#### Dataset content ####

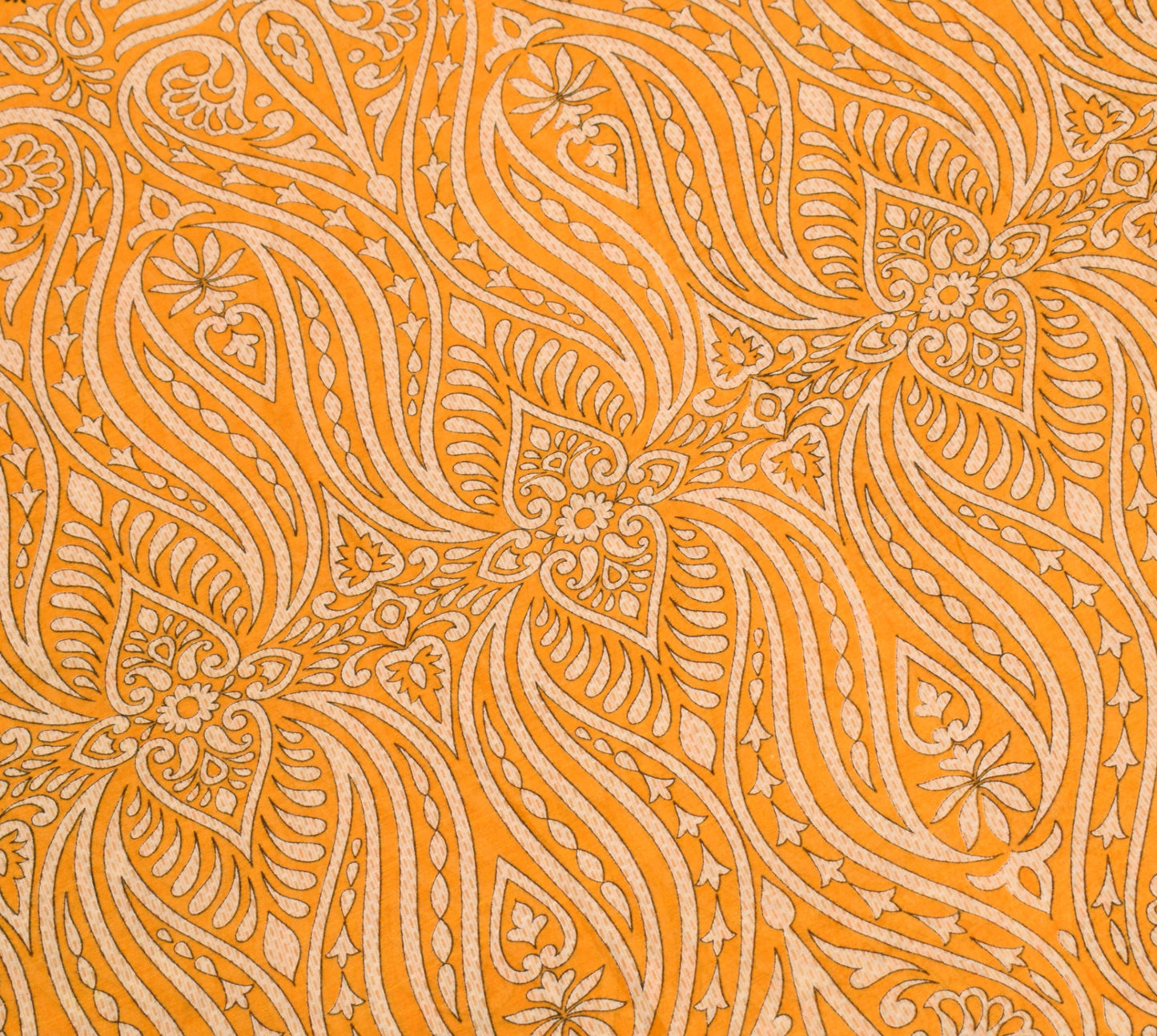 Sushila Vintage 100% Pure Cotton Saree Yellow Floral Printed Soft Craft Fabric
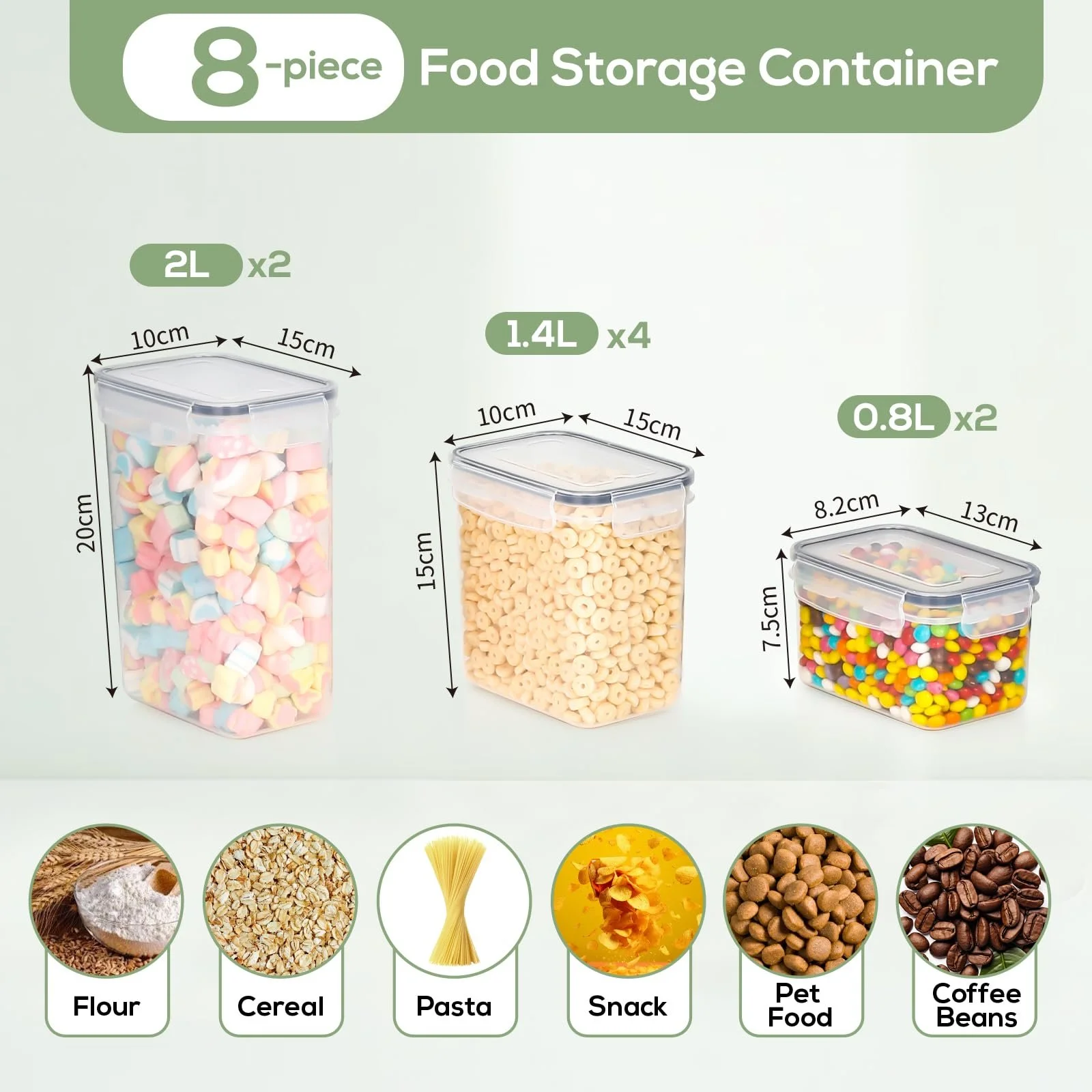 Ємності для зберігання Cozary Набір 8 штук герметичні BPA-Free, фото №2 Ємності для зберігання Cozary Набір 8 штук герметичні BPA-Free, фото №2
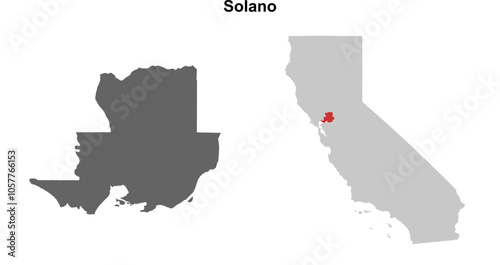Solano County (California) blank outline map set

####

• **Exercise instructions**
Using the data above, write out every line exactly, leaving the images behind.

• **Output of the exercise**
 Sushila Vintage 100% Pure Cotton Saree Yellow Floral Printed Soft Craft Fabric
 Ємності для зберігання Cozary Набір 8 штук герметичні BPA-Free, фото №2 Ємності для зберігання Cozary Набір 8 штук герметичні BPA-Free, фото №2
Solano County (California) blank outline map set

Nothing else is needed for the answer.